## DATA SEGMENT

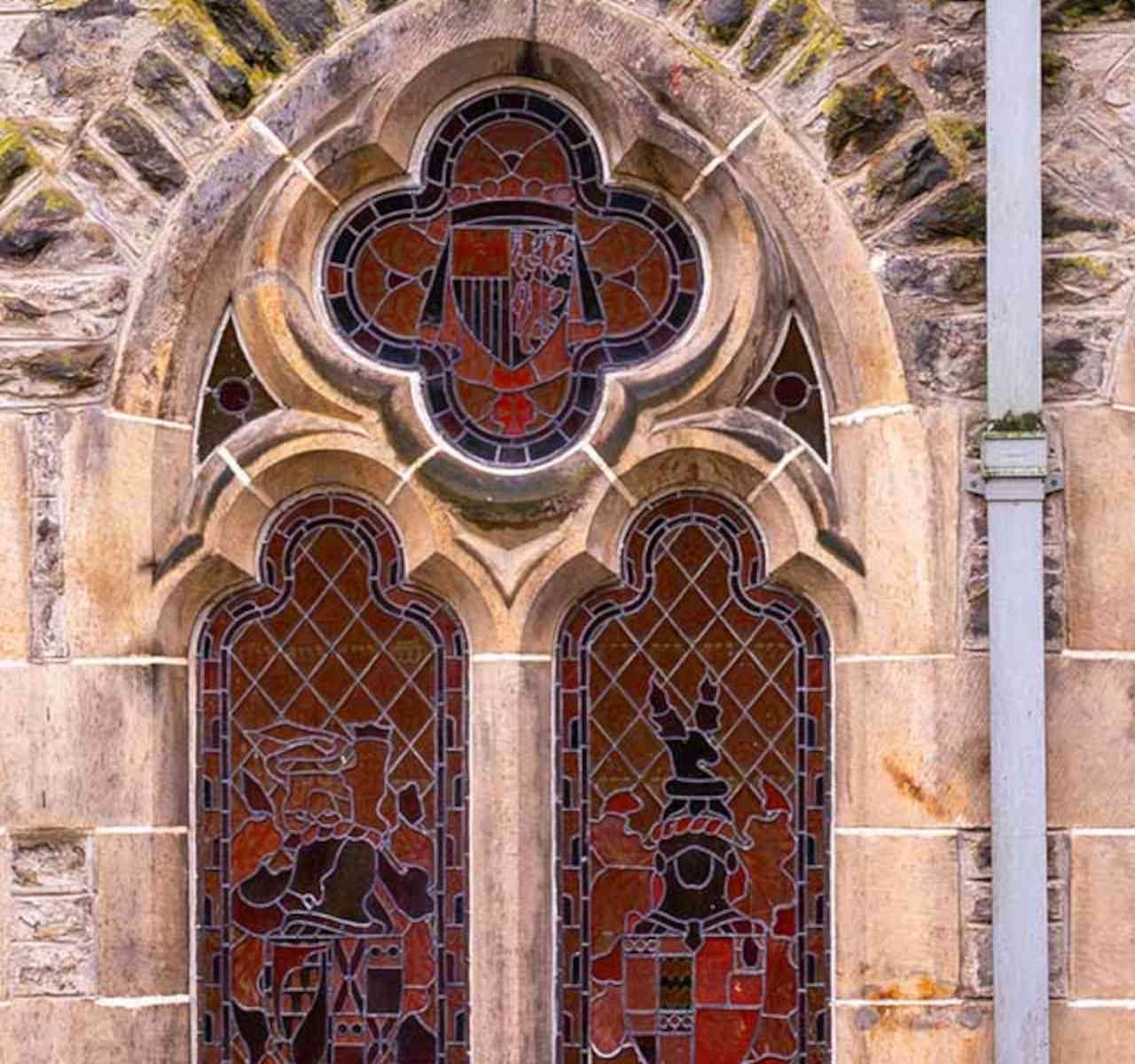 Brothers Wing 7 - Cannon Point accommodation's exterior beautiful arched church windows at Abbey Holidays Loch Ness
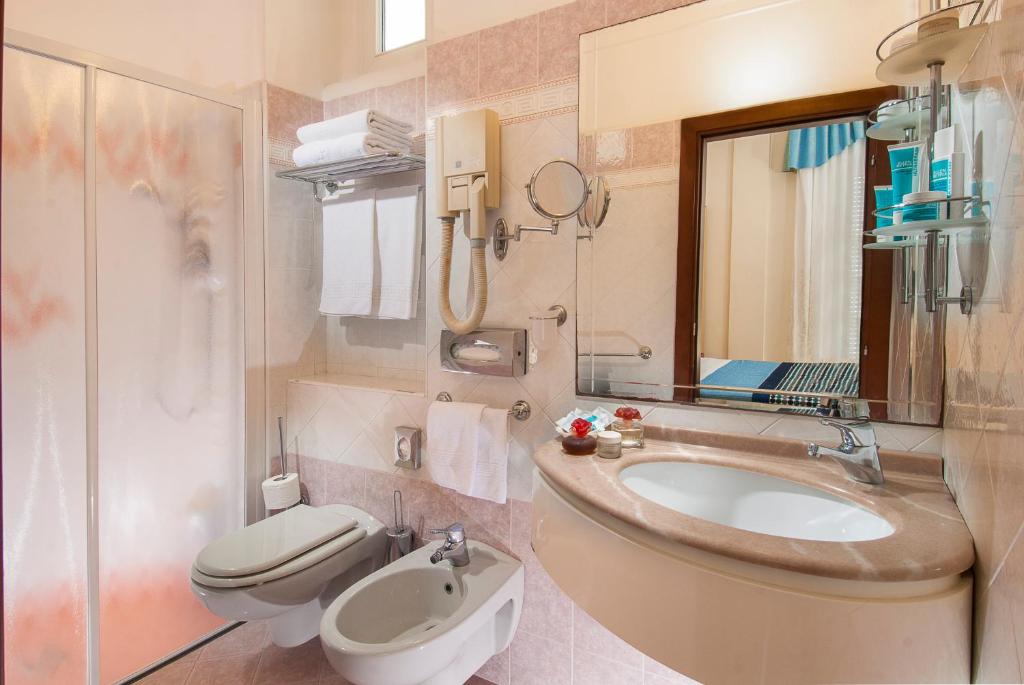 une salle de bain avec un lavabo, des toilettes et un miroir dans l'établissement Hotel Helios, à Rimini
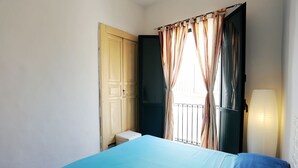 A bedroom with a bed, a wardrobe, a window with curtains, and a bedside lamp. - Casa Marinella (Scicli)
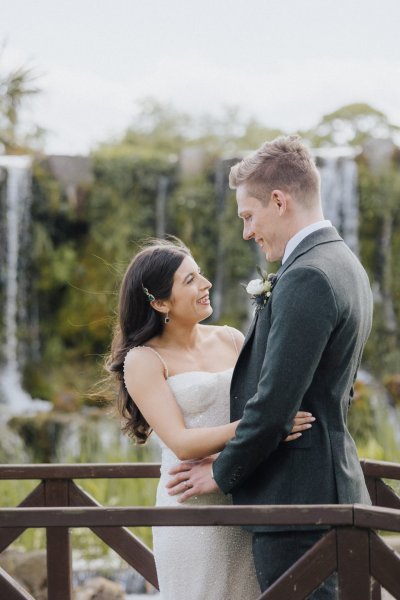 Bride and groom embrace on bridge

## PROBLEM REQUIREMENTS
Restate the material above word for word; pictures do not belong in the copy.

## RESPONSE TO THIS EXERCISE
 Brothers Wing 7 - Cannon Point accommodation's exterior beautiful arched church windows at Abbey Holidays Loch Ness
 une salle de bain avec un lavabo, des toilettes et un miroir dans l'établissement Hotel Helios, à Rimini
 A bedroom with a bed, a wardrobe, a window with curtains, and a bedside lamp. - Casa Marinella (Scicli)
 Bride and groom embrace on bridge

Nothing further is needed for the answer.